Salah satu penumpang BST Ariani Maheswari mengatakan tidak mempermasalahkan dengan aturan kewajiban berbayar tersebut.

Ia mengatakan selama ini sangat dimudahkan dengan adanya BST. Meski demikian, ia berharap agar pembayaran cukup dilakukan sekali, meski penumpang tersebut harus berpindah rute.

"Cukup ditarik sekali, jadi tidak terlalu berat bayarnya," katanya.

Penumpang lain, Rahmanto mengatakan selama ini selalu menggunakan jasa BST. Warga Palur, Kabupaten Karanganyar, ini setiap hari memanfaatkan BST koridor 1 untuk mengantarnya bekerja di kawasan Colomadu.

"Lumayan, sangat membantu," katanya.

Ia mengatakan pernah mencoba naik sepeda motor ketika bekerja, namun ternyata biaya yang harus dikeluarkan jauh lebih besar. Apalagi, sekarang ada penyesuaian harga BBM.

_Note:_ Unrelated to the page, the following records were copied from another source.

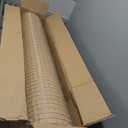 Hardware Cloth 48in x100ft 1 Inch Galvanized, Chicken Rabbit Snake Cage Fence Mesh Roll,Garden Plant Welded Metal Wire Fence,Poultry Animal Netting Cage Screen.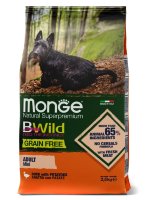 Monge (Монж) dog grain free mini беззерновой корм для собак мелких пород утка с картофелем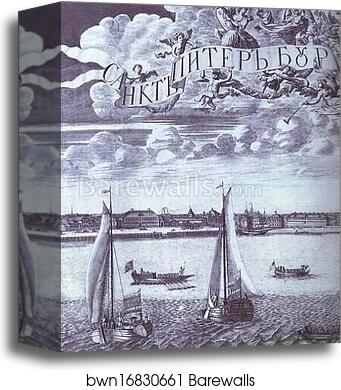 Panoramic View of St. Petersburg. Detail by Alexey Zubov, Canvas Print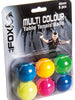 Fox TT Coloured Table Tennis Balls (Pack of 6)
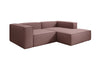 Lesley L Mini Designer Ecksofa aus Stoff – Modern, Gemütlich, Vielseitig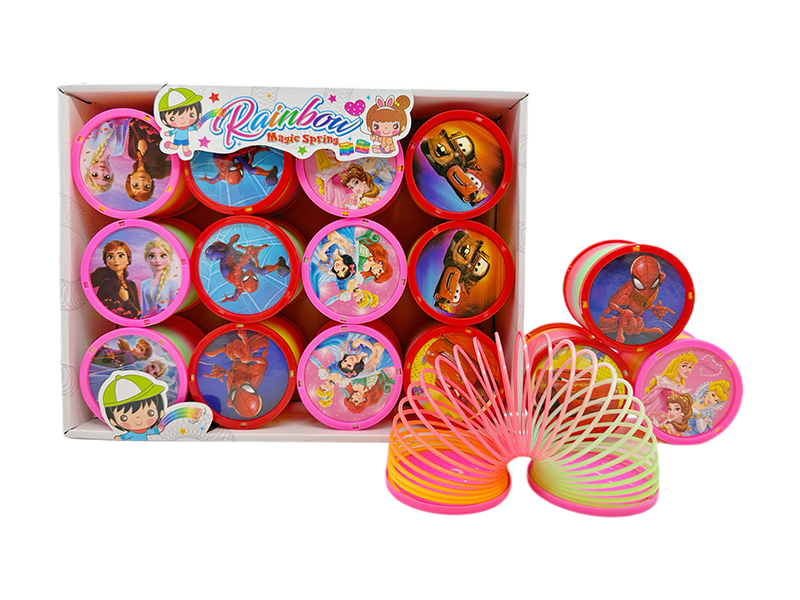 12PCS Cartoon Rainbow Circle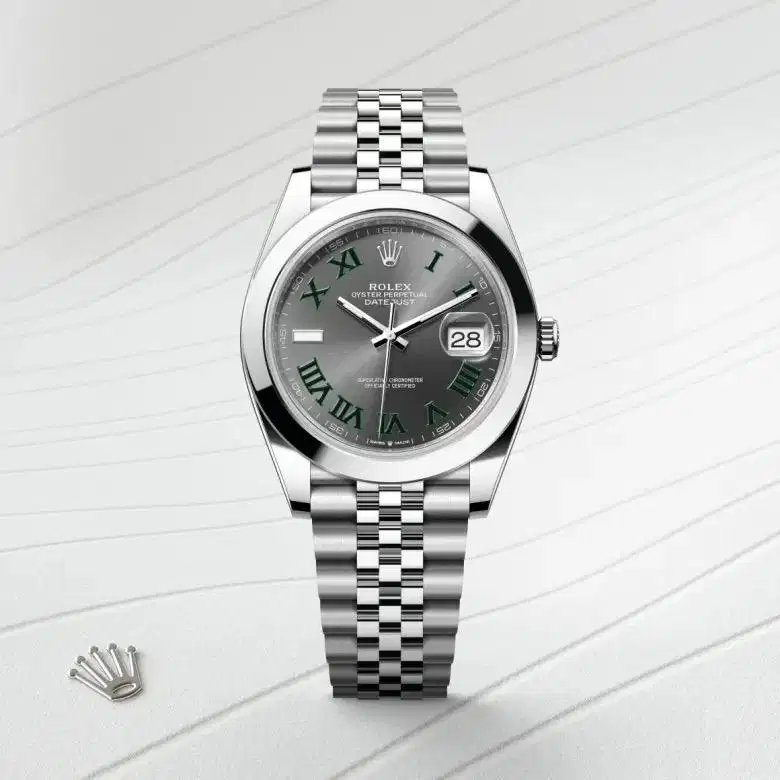 Rolex New Datejust II 41m, Domed Bezel Wimbledon Dial Jubilee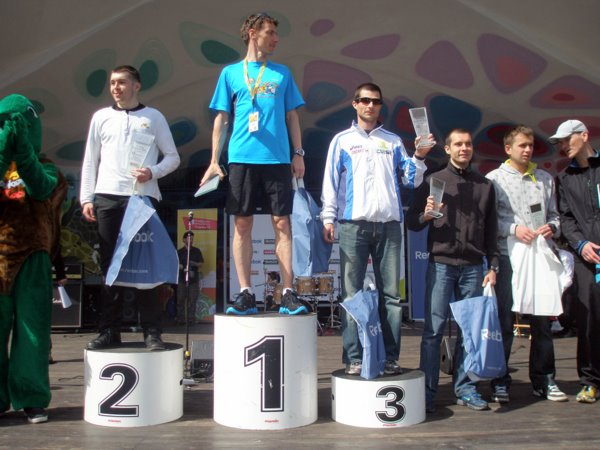 Paweł Grygo na trzecim miejscu podium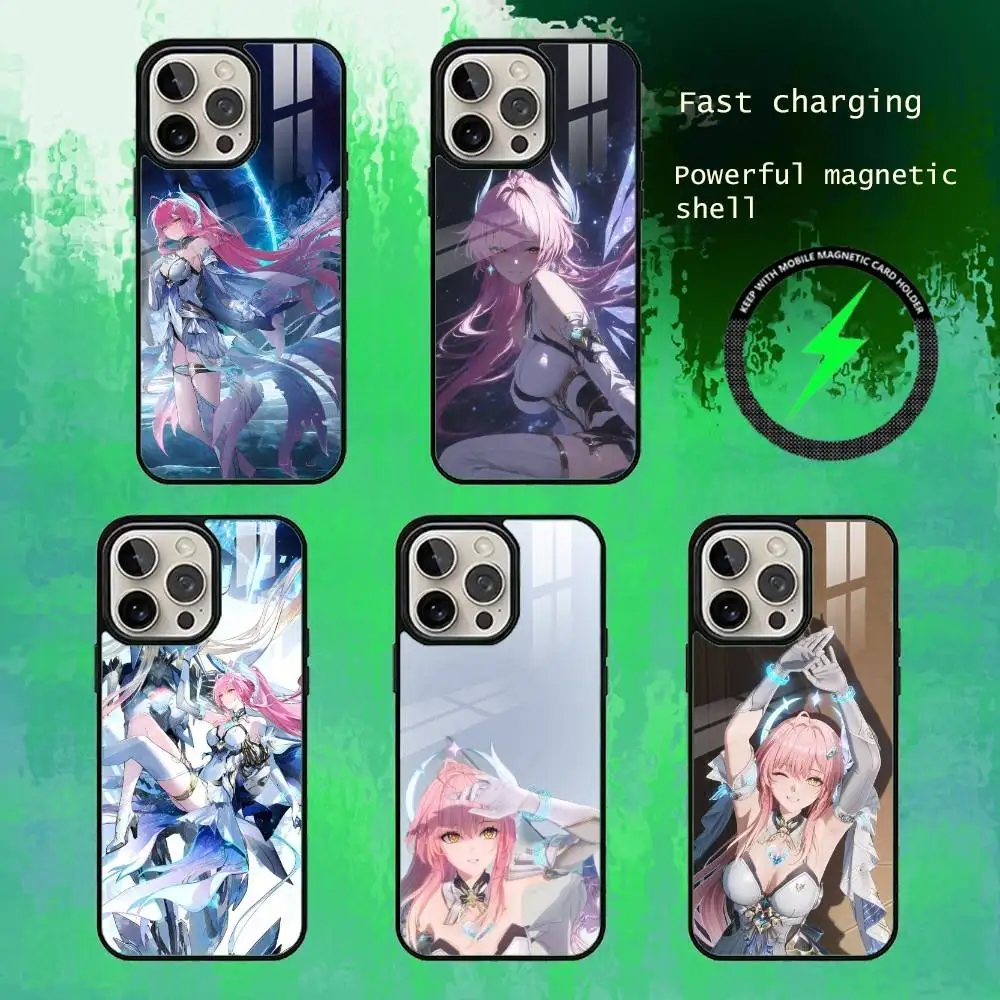 

Aemeath WuWa Phone Case For iPhone17,16,15,14,13 Plus,Pro Max Magnetic For Magsafe Wireless Charging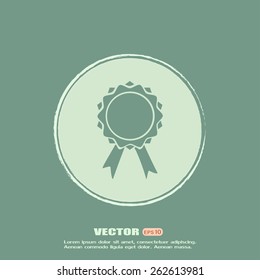  Vector illustration of medal 
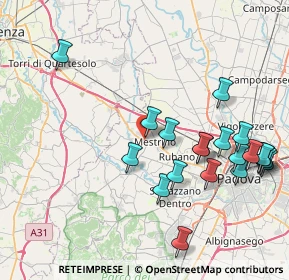 Mappa Via Galilei, 35035 Mestrino PD, Italia (8.861)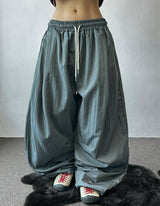 Cudi Parachute Balloon Fit Pants 4color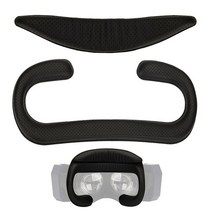 호환 Pimax Vision 8K/5K 안경용 안대 차광 폼 가죽 안대 패드 VR 렌즈, 검은색, Czech Republic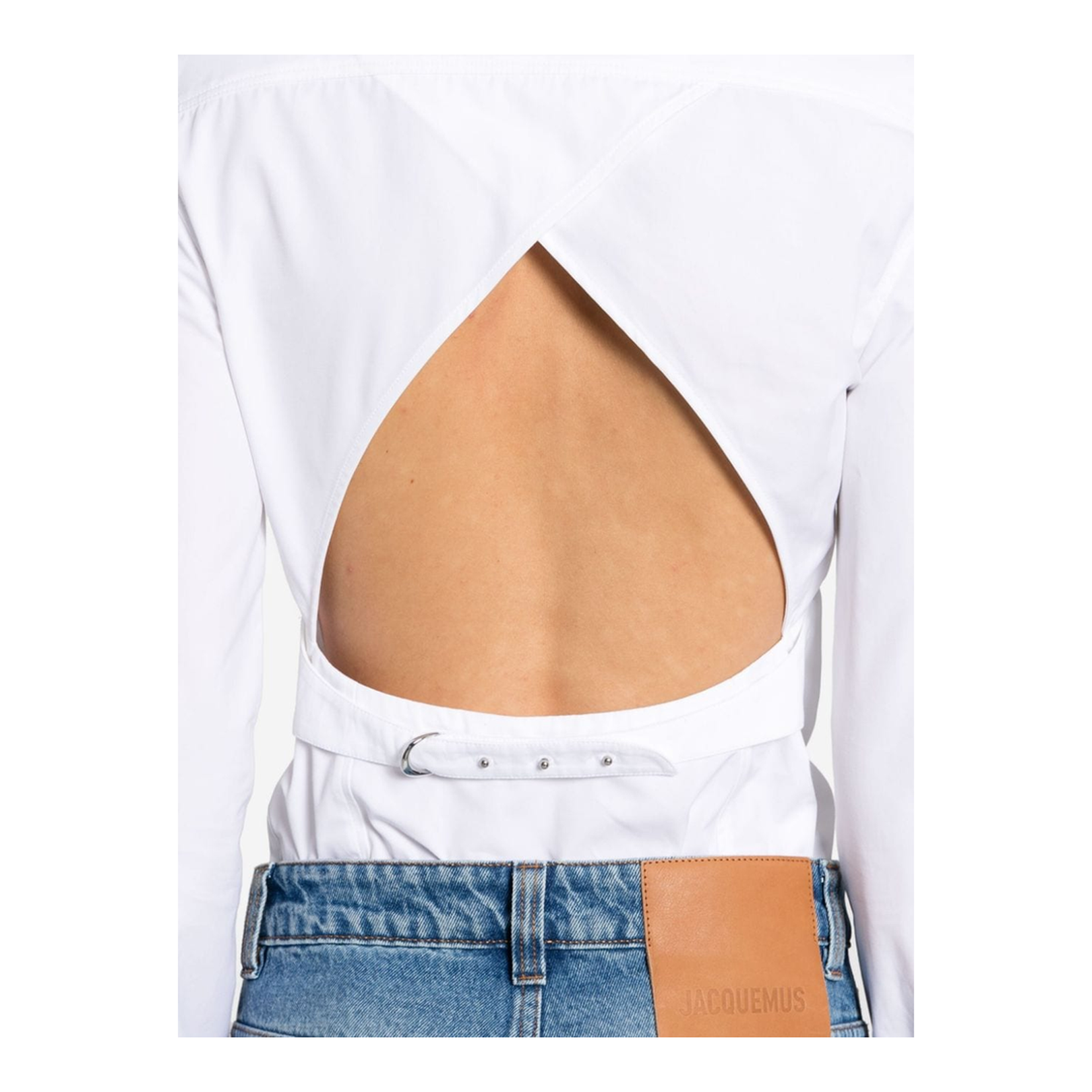 Cotton Poplin Shirt with Triangular Back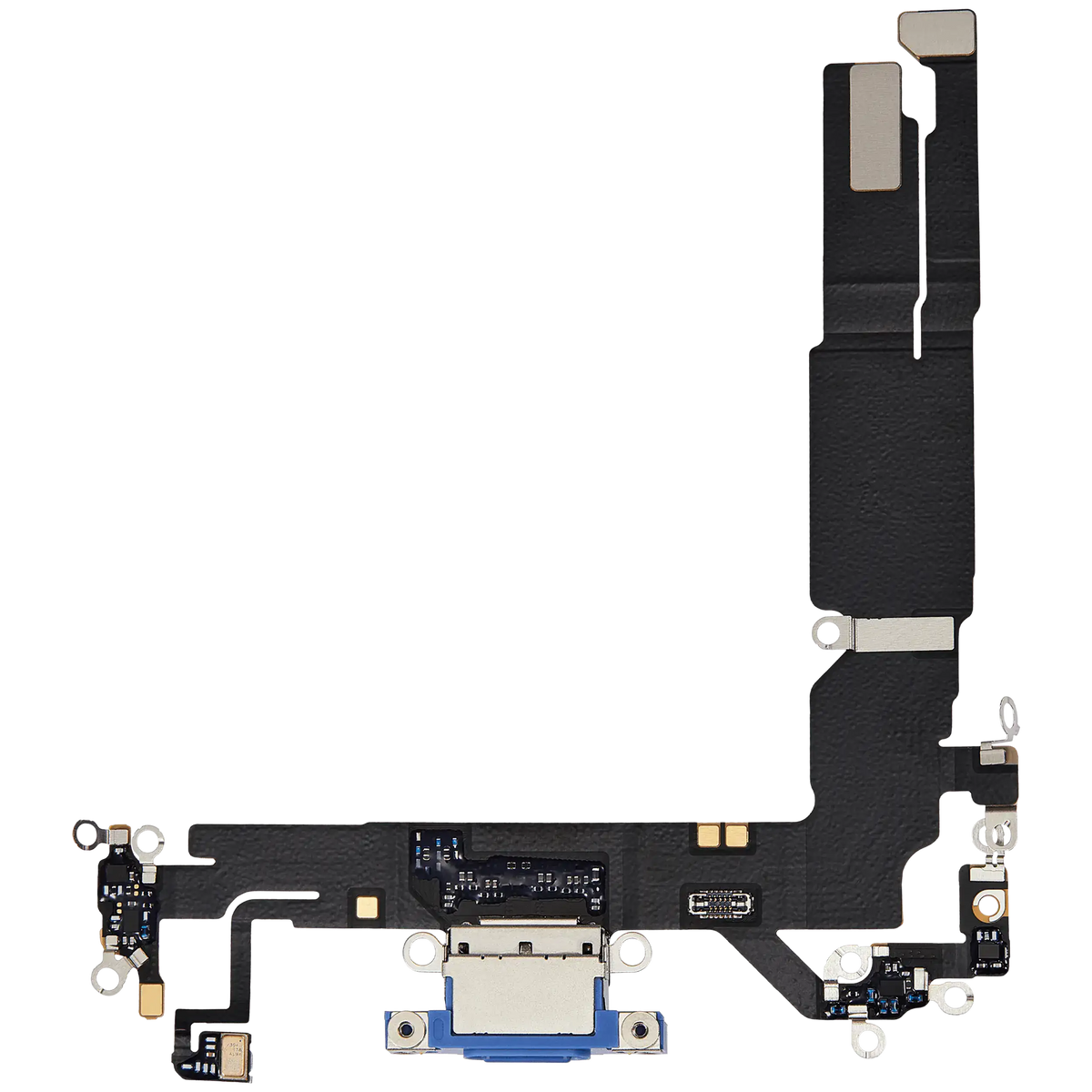 Charging Port Flex Cable For I Phone 16 (Used Oem Pull) (Ultramarine)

Selain berat di ongkos, ia juga tidak bisa beristirahat saat perjalanan. Berbeda ketika naik BST, ia bisa beristirahat selama perjalanan.

"Apalagi jalur yang saya lewati jalur ramai semua. Jadi mending naik BST. Kalau memang harus berbayar tidak masalah," katanya.

Selama ini banyak orang yang terbantu dengan keberadaan BST. Diharapkan, meski tidak lagi gratis, angkutan umum tersebut tetap menjadi favorit masyarakat, mulai dari pekerja, pelajar, disabilitas, maupun lansia.

Apalagi, pemerintah juga tidak tanggung-tanggung dalam memberikan kenyamanan kepada para penumpang, termasuk ketepatan waktu tempuh. Dengan demikian, tidak ada lagi cerita penumpang yang pulang kemalaman karena angkutan yang dinaikinya ngetem terlalu lama.